Garlic and parsley stuffed into a juicy steak make a perfect quick meal for Father’s Day.
Each year I think steak for Father’s Day. It seems to be what our dads like best.
The garlic cloves for this stuffing are blanched first and then chopped with fresh parsley to make a simple, fresh stuffing.
Blanching gives the garlic a mild, sweet flavor.
The water used for blanching the garlic has a wonderful flavor so I add it to the water for cooking the pasta to give it a natural flavor.
I use a flavored, basil-garlic pasta and cook the broccoli with it for a very quick side dish.
There are many different varieties of flavored pasta available.
This one goes well with the stuffed steak, but any type can be used.
The broccoli is added the last 5 minutes to the boiling pasta.
This saves time and an extra pot to wash.
If using fresh pasta, the cooking time will be about 3 to 4 minutes.
Add the broccoli first and then the fresh pasta.
This meal contains 539 calories per serving with 24 percent of calories from fat.
- Grass-fed steak can be found in most markets.

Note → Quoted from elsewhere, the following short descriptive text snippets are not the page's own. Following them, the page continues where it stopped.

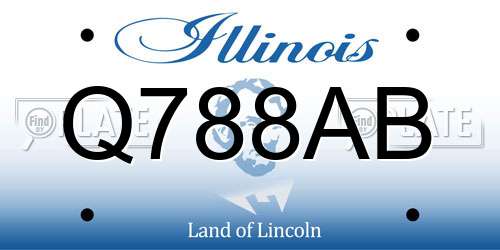 Q788AB Illinois License Plate
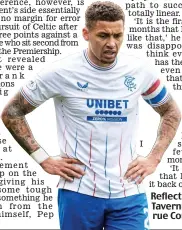  ?? ?? Reflective: James Tavernier is left to rue County loss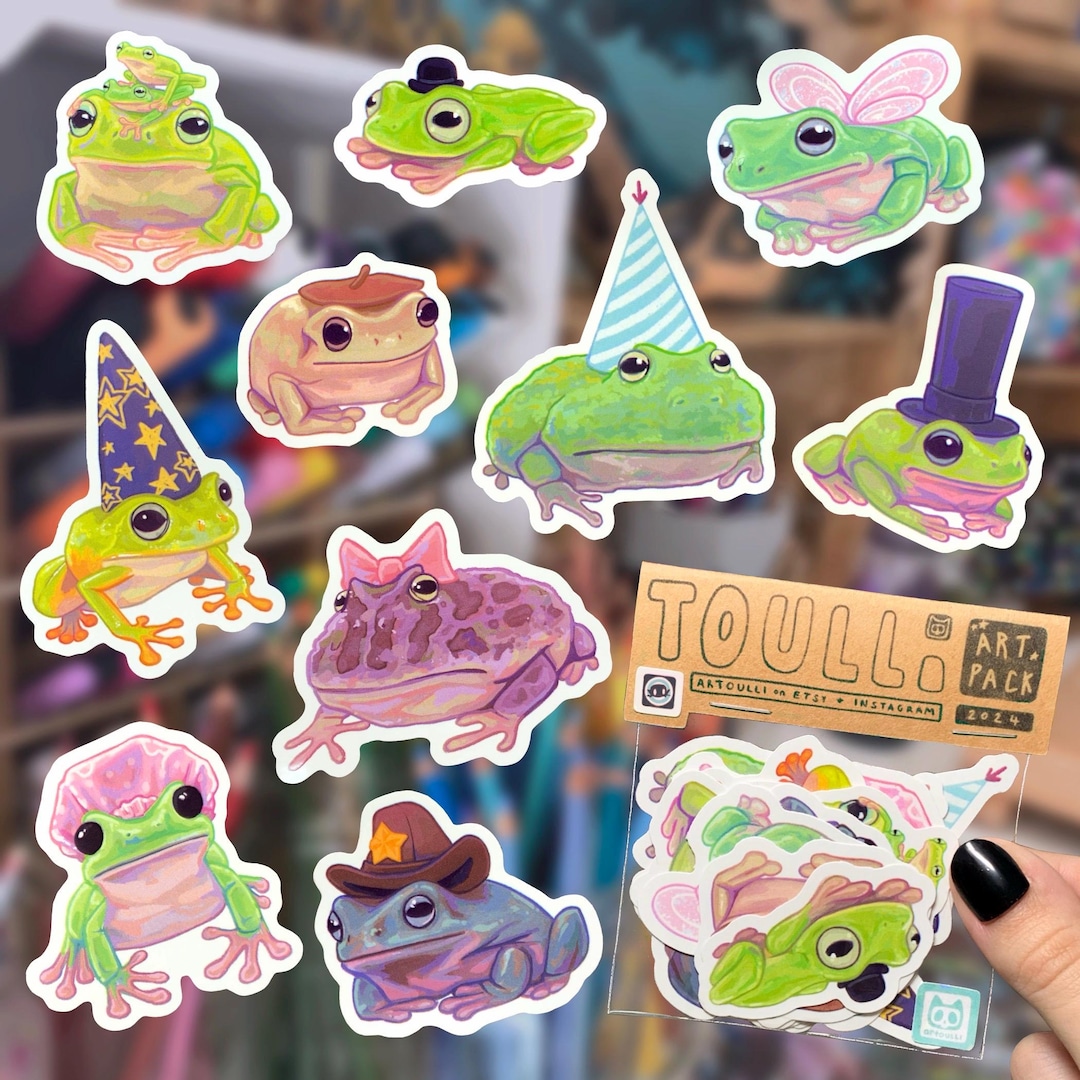 Frog Stickers Vol. 1 - Etsy
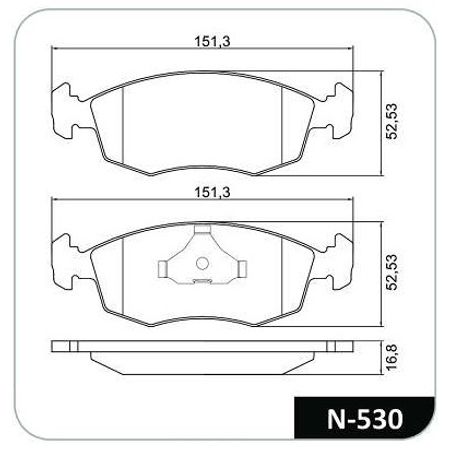 7892679060897-Pastilha-Freio-Dianteira-Palio-Siena-1996-1997-1998-Cobreq-N530-comp-2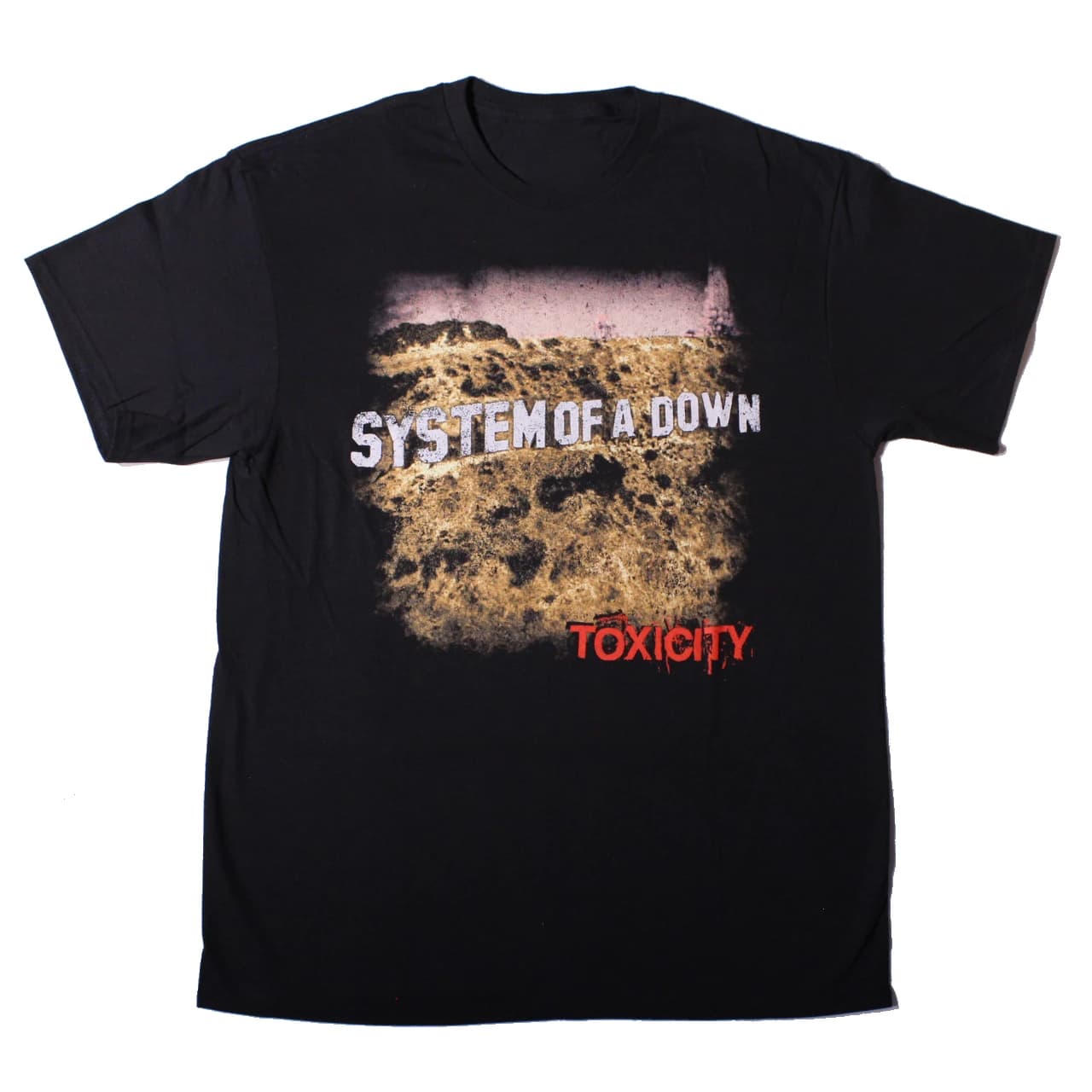 Toxicity System of A Down Band T-Shirt Cotton Graphic Tee Men Women Summer Streetwear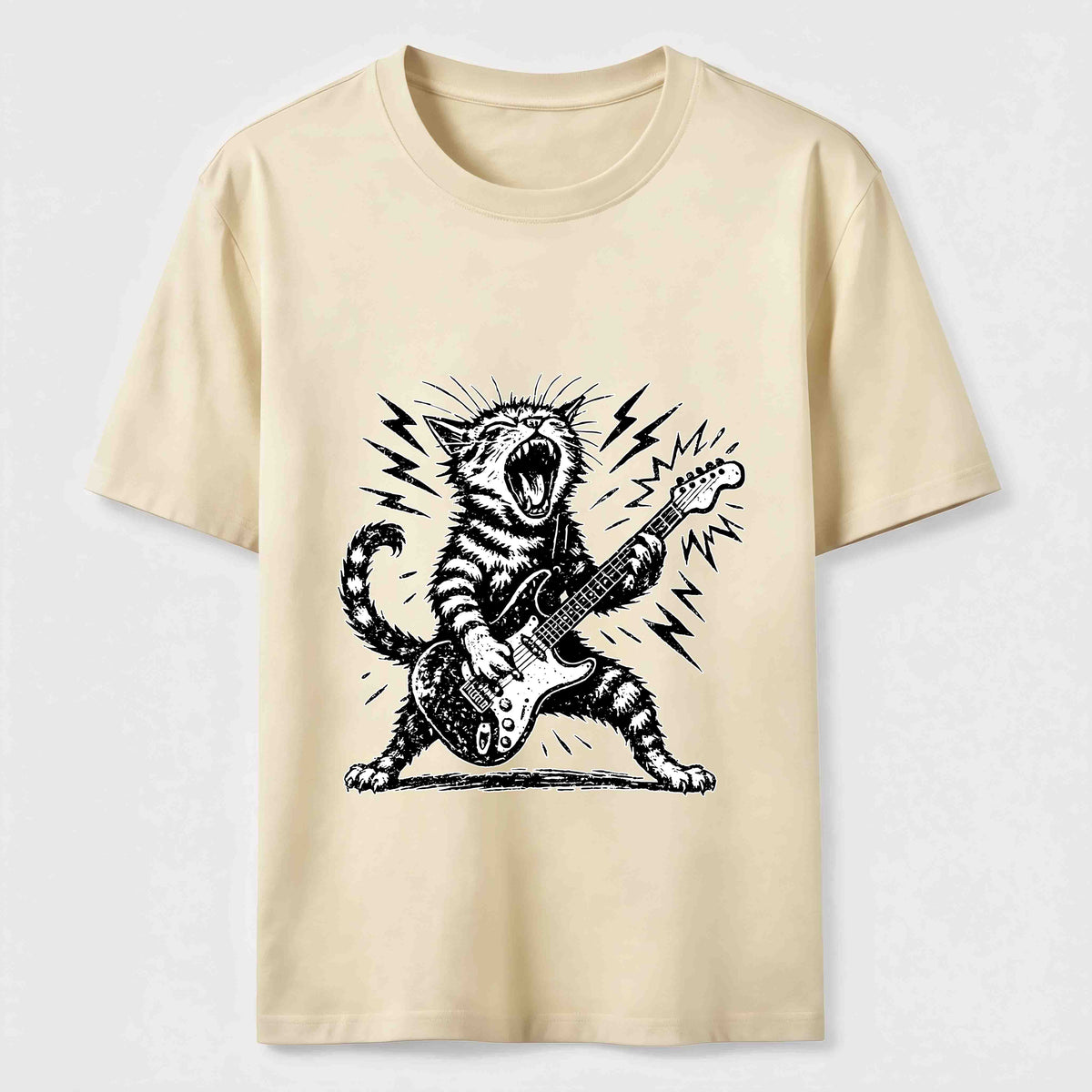 Rock and Roll Cat Classic T-Shirt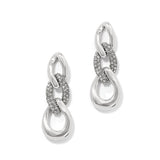 Brighton Cleo Pave Link Post Drop Earrings
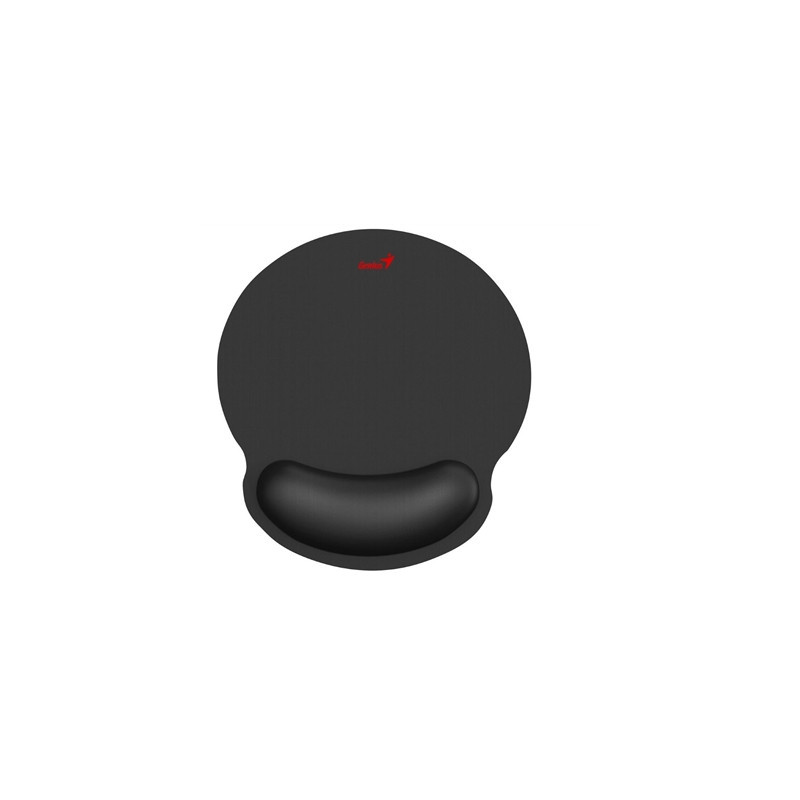 Genius G-WMP100 Ergonomic Mouse Pad with Wrist Rest for Support and Comfort with Anti-Slip Rubber Base  Black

Use any type of quick-cooking steak such as flank, skirt, sirloin or fillet can be used.
- Use the same pot for boiling pasta and garlic to save cleaning up time.
- The blanched garlic and parsley can be chopped in a food processor.
- Blanch garlic and then fill the pot with more water and place on heat to boil.
- Make steak.
- Make pasta and broccoli.
¾ pound grass-fed strip steak
5 garlic cloves, peeled
½ cup chopped parsley
Salt and freshly ground black pepper
1 teaspoon olive oil
Remove visible fat from steak and make slits about 1 inch apart on each side to form pockets for the stuffing. The slits should be about ½-inch deep and cover the width of the steak. Place whole, peeled garlic cloves in a large saucepan and cover with cold water. Bring to a boil and scoop out garlic cloves with a strainer.
Fill the saucepan with more cold water and bring to a boil for the pasta side dish. Chop the garlic and parsley together. Add salt and pepper to taste. With the tip of a knife or a small spoon, stuff the slits in the steak using about half of the parsley mixture.
Set the rest of the stuffing aside. Heat a nonstick skillet over medium-high heat and add the stuffed steak. Saute 5 minutes. Turn and saute 5 minutes.
Salt-and-pepper-cooked sides of steak. Remove from skillet to a cutting board and add the olive oil to the skillet. Add the remaining stuffing and saute 1 to 2 minutes.
Cut the steak into 1-inch slices and divide between two dinner plates. Spoon sauteed stuffing on top of slices. Makes 2 servings.
Per serving: 234 calories (27 percent from fat), 7.0 g fat (2.1 g saturated, 3.4 g monounsaturated), 96 mg cholesterol, 40.2 g protein, 3.4 g carbohydrates, 0.8 g fiber,107 mg sodium.
BASIL-GARLIC LINGUINE WITH BROCCOLI
¼ pound basil-garlic linguine
½ pound broccoli florets, cut in half (about 3 cups)
2 teaspoons olive oil
2 tablespoons grated Parmesan cheese
Salt and freshly ground black pepper to taste
Bring a large saucepan with 2 to 3 quarts of water to a boil, using the garlic water from the stuffed steak recipe. Add the pasta and boil 5 minutes. Add the broccoli florets and continue to boil 5 minutes. Remove 2 tablespoons of the water to a bowl. Drain pasta. Add olive oil and salt and pepper to taste to the bowl. Add the drained pasta and toss well. Sprinkle with Parmesan. Makes 2 servings.
Per serving: 305 calories (21 percent from fat), 7.2 g fat (1.7 g saturated, 3.8 g monounsaturated), 4 mg cholesterol, 12.7 g protein, 48.7 g carbohydrates, 1.8 fiber, 109 mg sodium.